The Tortoise and The Bear!

Follow us on our mostly frustrating adventures

If you have no soul, go to Seoul! February 7, 2012

First off, let me start this with saying, never ever go to Seoul. The owner is a complete jerk and the food is not worth the price.

How exciting. As of a few minutes ago, I can say that I have had the worst restaurant experience EVER. Here in the little town of Little Rock, Arkansas! Jeremy and I decided to go to Seoul, for the second time. Seoul is a Korean restaurant found at 5923 Kavanaugh Boulevard. The first time I had a similar awful food experience, however I just sucked it up and attempted to choke down the food I was served. But let’s not talk about that, lets talk about our most recent visit!

In the beginning, our visit to Seoul was pleasant. The atmosphere of the restaurant is pleasant and our waitress was very nice. I ordered a black tea and water, Jeremy got a diet coke (because that is all he drinks). For teabag tea, my hot black tea was actually really good. Jeremy said his diet coke was “average”.

Then we ordered! Jeremy got a beef bulgogi and I got a tofu bibimbap, egg rolls, avocado roll, asparagus roll and a house salad (we split much of this). (Jeremy: I went to the bathroom, because that’s what I do. It was a single-serve bathroom, but for some reason had two chairs next to the inconvenient toilet paper roll. I guess that was an invitation to use the chairs instead of the toilet, but unfortunately I was only in there to wash my hands. Speaking of which, there was NO HOT WATER in the bathroom, a major restaurant pet peeve of mine.)

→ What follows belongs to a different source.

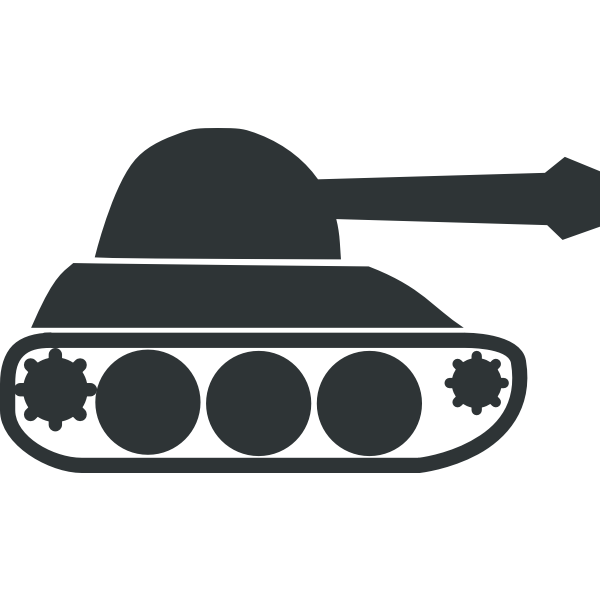 Black army tank vector icon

First out was the salad, which was okay. The greens themselves were amazing looking, but the dressing is that kind of ginger dressing that I hate so much. You know, the kind that just seems like it is ginger pulp? I much prefer the ginger dressing found at Igibon, but I won’t hold that against Seoul. (Jeremy: creamy dressing FTW, of course)

Then, came the egg rolls! The egg rolls were amazing (I think, Jeremy had to add soy to his). The dipping sauce was spicy, acidic and had a really nice bite to it, these are all things I love. The egg rolls were satisfyingly crunchy and the insides were tasty and for me, very tasty. I ended up drinking some of the sauce and it was. so. good. Good job Seoul!

Then, our sushi came! The sushi was beautiful and overall very good. The avocado roll didn’t have crunchy avocado, which sometimes happens and it makes me want to vomit. This avocado was deliciously ripe and their was just enough cucumber to help make it not too mushy feeling in your mouth. The asparagus roll had a delicious crunchy outside, but the inside was just a little too mushy for me. It wasn’t bad, necessarily, but I did think it could have used about a minute less cooking time. Overall, great though!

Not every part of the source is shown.